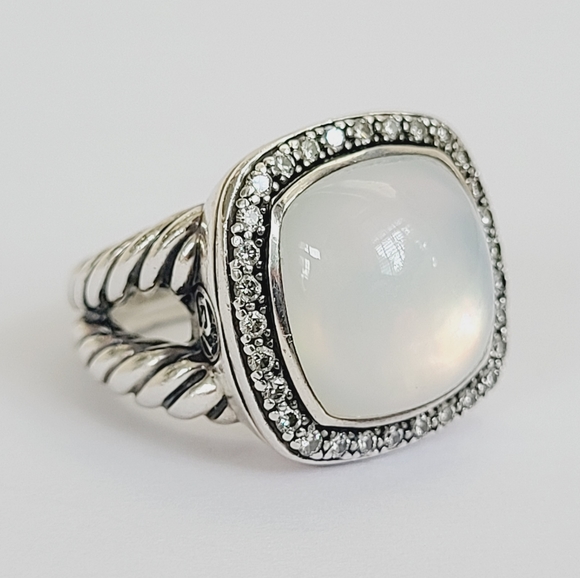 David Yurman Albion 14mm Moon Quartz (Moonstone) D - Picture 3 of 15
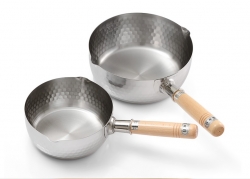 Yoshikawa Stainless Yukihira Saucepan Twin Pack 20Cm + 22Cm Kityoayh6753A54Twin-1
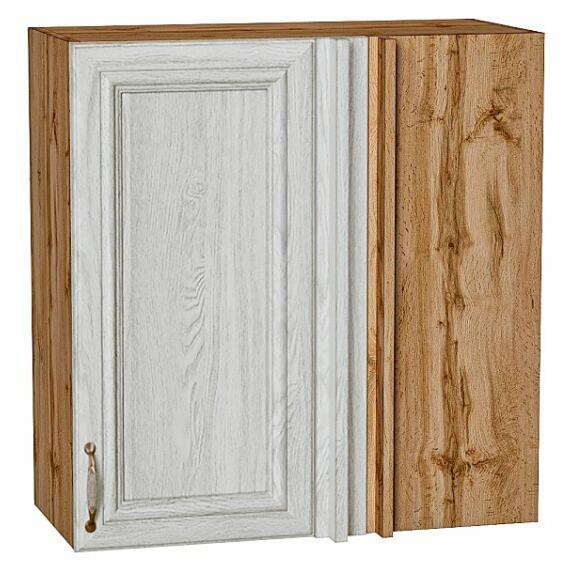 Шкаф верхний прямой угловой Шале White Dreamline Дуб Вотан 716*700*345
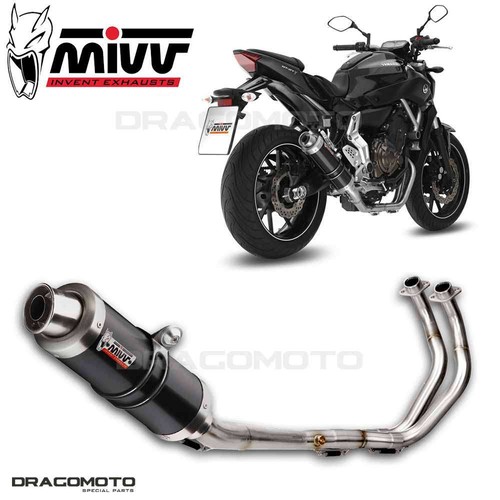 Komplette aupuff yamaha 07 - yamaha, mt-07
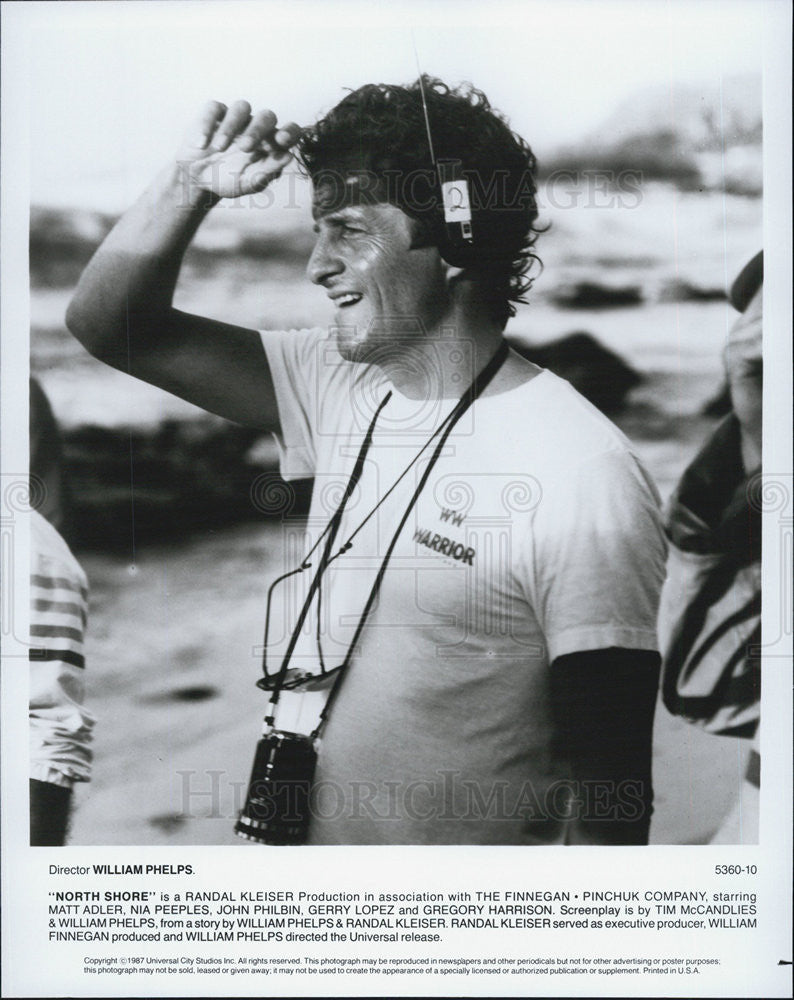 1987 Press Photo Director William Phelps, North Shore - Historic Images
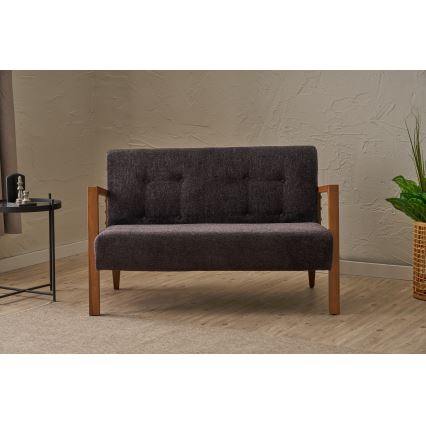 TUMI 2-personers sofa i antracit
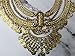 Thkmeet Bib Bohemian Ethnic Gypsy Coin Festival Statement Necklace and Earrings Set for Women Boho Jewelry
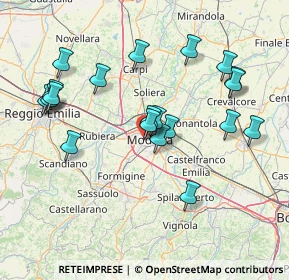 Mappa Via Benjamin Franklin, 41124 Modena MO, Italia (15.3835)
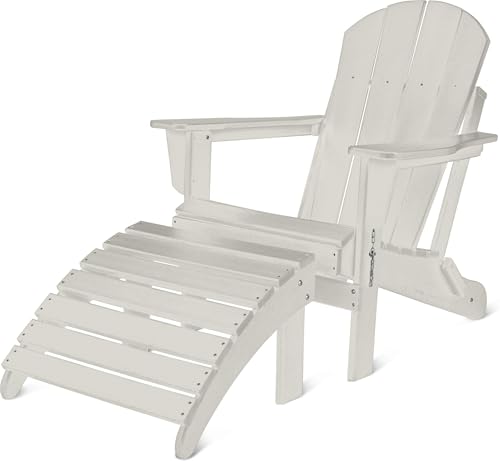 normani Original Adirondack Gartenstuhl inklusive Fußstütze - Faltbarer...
==================================================
■ **Task directions**
Each line above should be returned exactly as it stands, minus any pictures.

■ **Exercise response**
 David Yurman Albion 14mm Moon Quartz (Moonstone) D - Picture 3 of 15
 Yoshikawa Stainless Yukihira Saucepan Twin Pack 20Cm + 22Cm Kityoayh6753A54Twin-1
 Шкаф верхний прямой угловой Шале White Dreamline Дуб Вотан 716*700*345
 Komplette aupuff yamaha 07 - yamaha, mt-07
 1987 Press Photo Director William Phelps, North Shore - Historic Images
 TUMI 2-personers sofa i antracit
 Thkmeet Bib Bohemian Ethnic Gypsy Coin Festival Statement Necklace and Earrings Set for Women Boho Jewelry
 Mappa Via Benjamin Franklin, 41124 Modena MO, Italia (15.3835)
 normani Original Adirondack Gartenstuhl inklusive Fußstütze - Faltbarer...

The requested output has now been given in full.